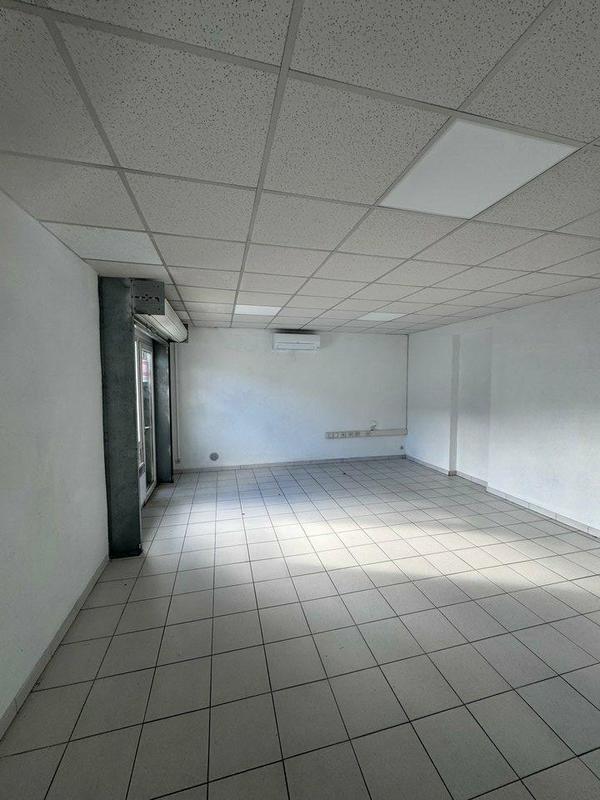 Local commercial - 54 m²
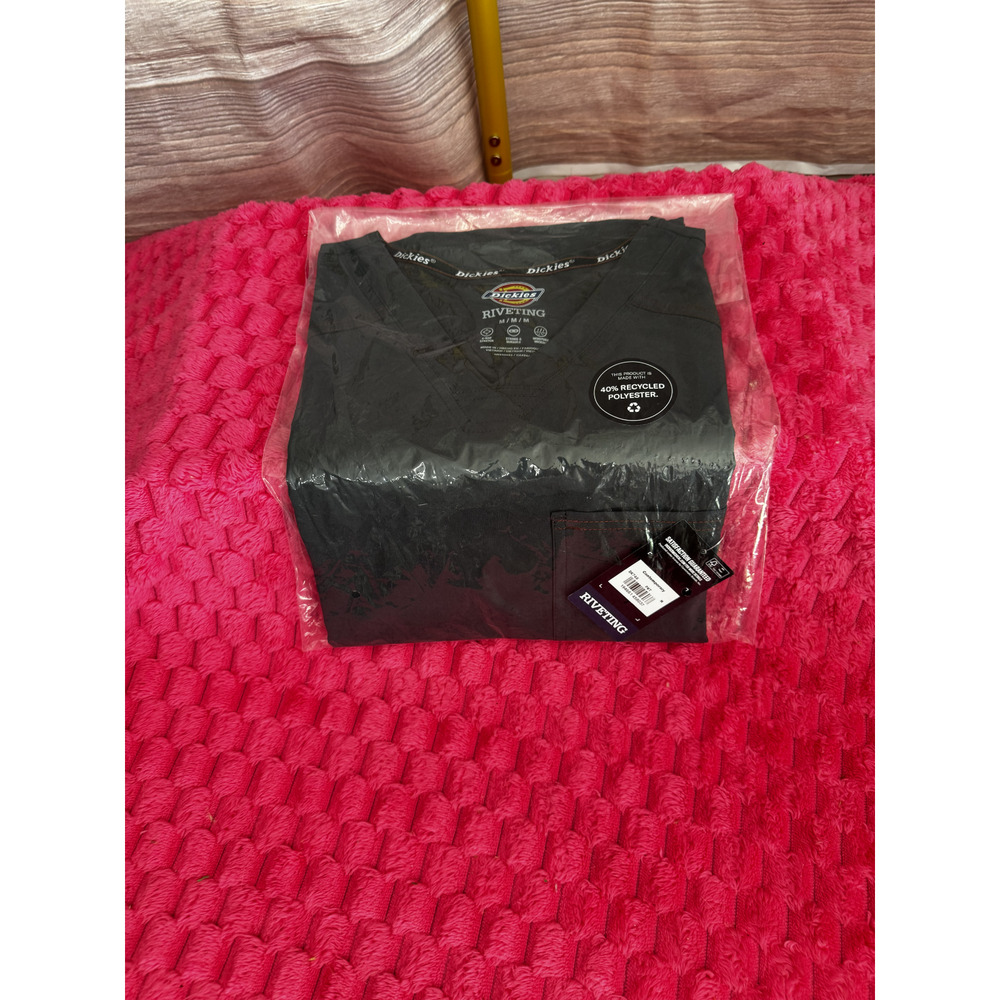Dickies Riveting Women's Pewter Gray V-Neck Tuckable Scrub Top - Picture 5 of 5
---
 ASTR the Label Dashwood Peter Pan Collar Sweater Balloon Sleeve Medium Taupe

WORK TO BE COMPLETED:
Using the entries above, transcribe every line from the line containing "Local commercial - 54 m²" through the line containing "Dickies Riveting Women's". Do not copy pictures.

FINAL ANSWER:
 Local commercial - 54 m²
Dickies Riveting Women's Pewter Gray V-Neck Tuckable Scrub Top - Picture 5 of 5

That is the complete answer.